> _Problem details_: From the first line to the last, repeat the data exactly and drop the pictures.

===== Input for this task =====

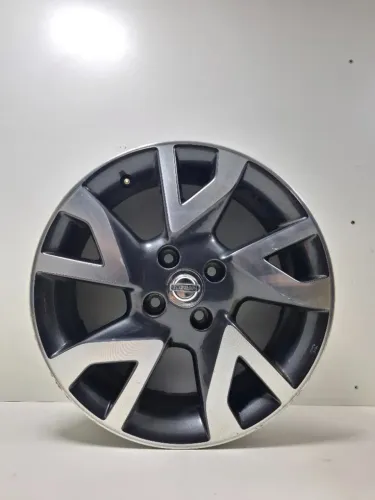 Roda Liga Leve Aro 16 Nissan Kicks 2020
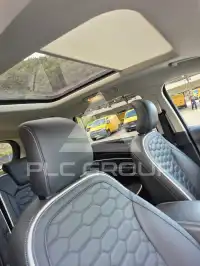 2018 Ford S-Max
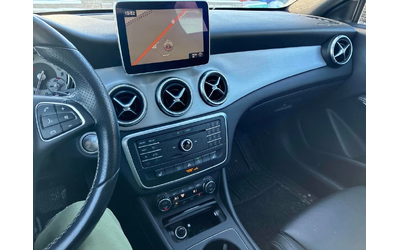 Mercedes-Benz CLA * 250 * CARFAX * ЦЕНА ДО БГ - автомобили, коли, обяви за нови и употребявани 9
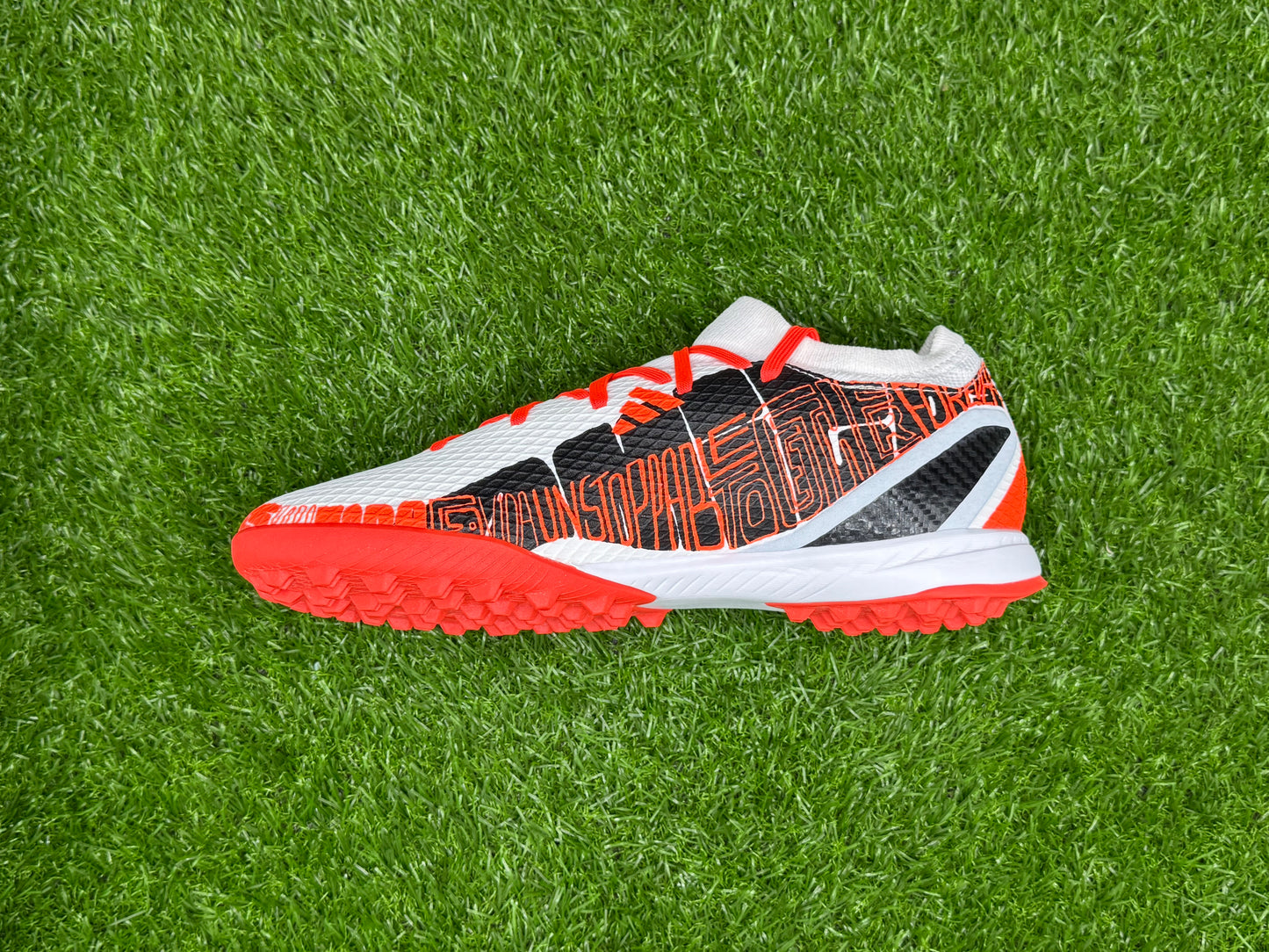 Adidas X Speedportal Messi.3 TF (Brand New)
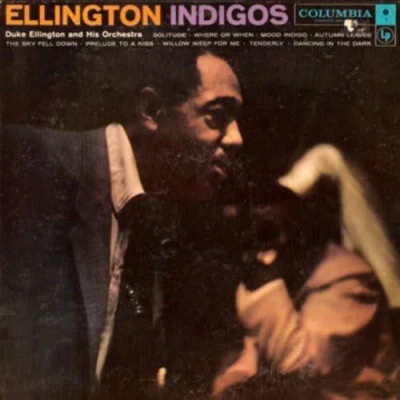 Image of Duke Ellington Indigos Remastered 180 Gram Stereo 33RPM 2023 USA vinyl LP IMP6010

=====

> _Response_:
 Roda Liga Leve Aro 16 Nissan Kicks 2020
 2018 Ford S-Max
 Mercedes-Benz CLA * 250 * CARFAX * ЦЕНА ДО БГ - автомобили, коли, обяви за нови и употребявани 9
 Adidas X Speedportal Messi.3 TF (Brand New)
 Image of Duke Ellington Indigos Remastered 180 Gram Stereo 33RPM 2023 USA vinyl LP IMP6010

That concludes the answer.